■ **TASK DESCRIPTION**: Of all the lines below, output only those starting at the one with "This here is" and ending at the one with "Let's talk about", both ends included, exactly as written.

■ **TASK INPUT**:

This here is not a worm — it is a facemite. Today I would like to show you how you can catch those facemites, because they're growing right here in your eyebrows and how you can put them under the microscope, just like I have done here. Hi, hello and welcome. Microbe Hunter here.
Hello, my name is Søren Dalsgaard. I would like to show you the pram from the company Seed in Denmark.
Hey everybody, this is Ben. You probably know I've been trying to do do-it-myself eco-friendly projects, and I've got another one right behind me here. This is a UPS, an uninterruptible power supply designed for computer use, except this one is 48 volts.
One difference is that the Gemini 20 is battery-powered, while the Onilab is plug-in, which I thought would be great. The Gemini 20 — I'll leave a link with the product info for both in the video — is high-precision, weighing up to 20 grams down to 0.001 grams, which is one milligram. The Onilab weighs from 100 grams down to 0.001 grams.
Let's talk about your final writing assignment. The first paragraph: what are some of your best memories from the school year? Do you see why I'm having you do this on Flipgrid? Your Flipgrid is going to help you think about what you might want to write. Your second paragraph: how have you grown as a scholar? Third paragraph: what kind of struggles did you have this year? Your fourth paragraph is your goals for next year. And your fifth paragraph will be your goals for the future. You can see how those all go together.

---

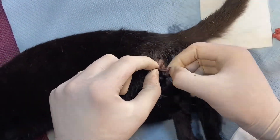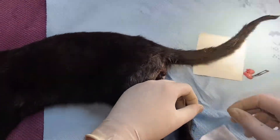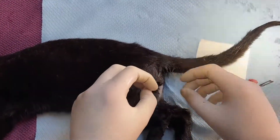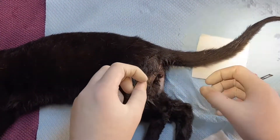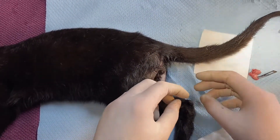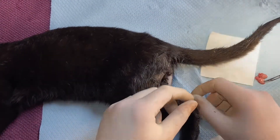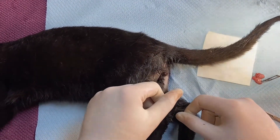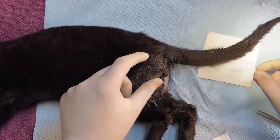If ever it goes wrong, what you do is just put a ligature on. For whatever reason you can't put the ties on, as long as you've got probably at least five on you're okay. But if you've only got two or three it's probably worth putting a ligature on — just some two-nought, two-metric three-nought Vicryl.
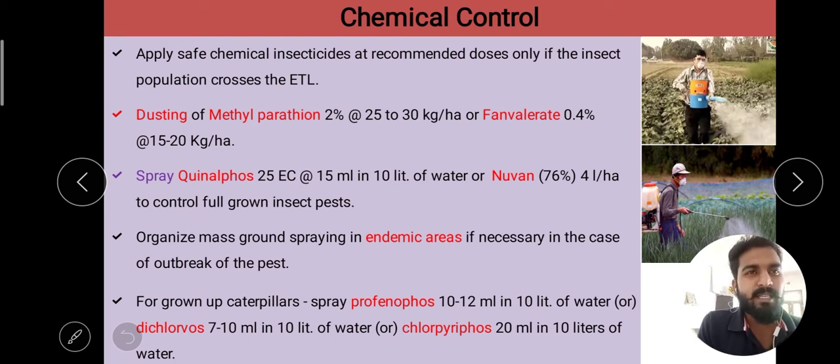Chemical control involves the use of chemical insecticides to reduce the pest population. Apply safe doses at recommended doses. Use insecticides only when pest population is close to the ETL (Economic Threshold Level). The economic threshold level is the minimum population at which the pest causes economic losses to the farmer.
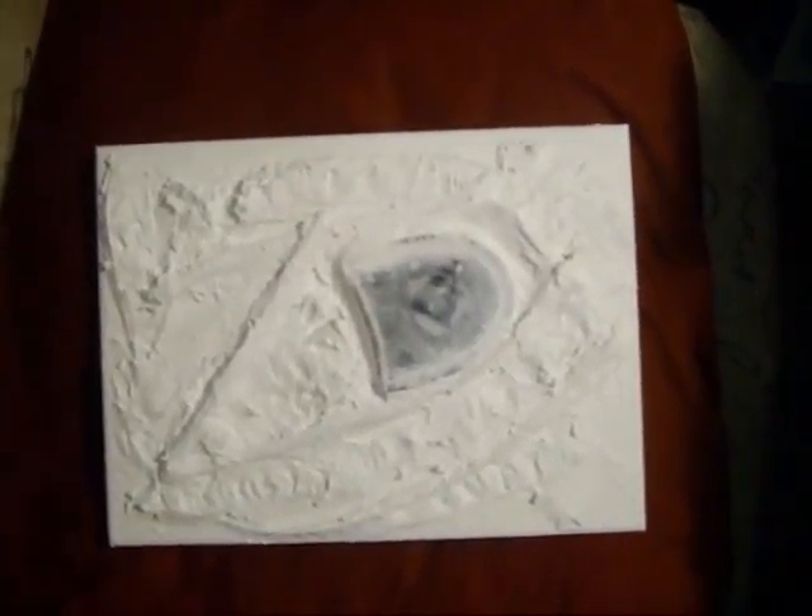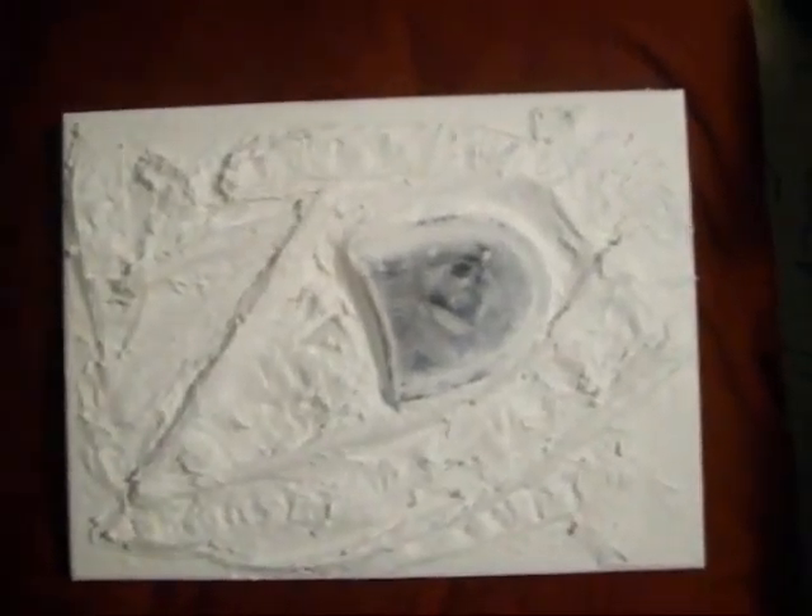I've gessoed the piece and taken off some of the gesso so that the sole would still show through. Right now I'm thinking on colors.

■ **RESULT OF THE EXERCISE**:
This here is not a worm — it is a facemite. Today I would like to show you how you can catch those facemites, because they're growing right here in your eyebrows and how you can put them under the microscope, just like I have done here. Hi, hello and welcome. Microbe Hunter here.
Hello, my name is Søren Dalsgaard. I would like to show you the pram from the company Seed in Denmark.
Hey everybody, this is Ben. You probably know I've been trying to do do-it-myself eco-friendly projects, and I've got another one right behind me here. This is a UPS, an uninterruptible power supply designed for computer use, except this one is 48 volts.
One difference is that the Gemini 20 is battery-powered, while the Onilab is plug-in, which I thought would be great. The Gemini 20 — I'll leave a link with the product info for both in the video — is high-precision, weighing up to 20 grams down to 0.001 grams, which is one milligram. The Onilab weighs from 100 grams down to 0.001 grams.
Let's talk about your final writing assignment. The first paragraph: what are some of your best memories from the school year? Do you see why I'm having you do this on Flipgrid? Your Flipgrid is going to help you think about what you might want to write. Your second paragraph: how have you grown as a scholar? Third paragraph: what kind of struggles did you have this year? Your fourth paragraph is your goals for next year. And your fifth paragraph will be your goals for the future. You can see how those all go together.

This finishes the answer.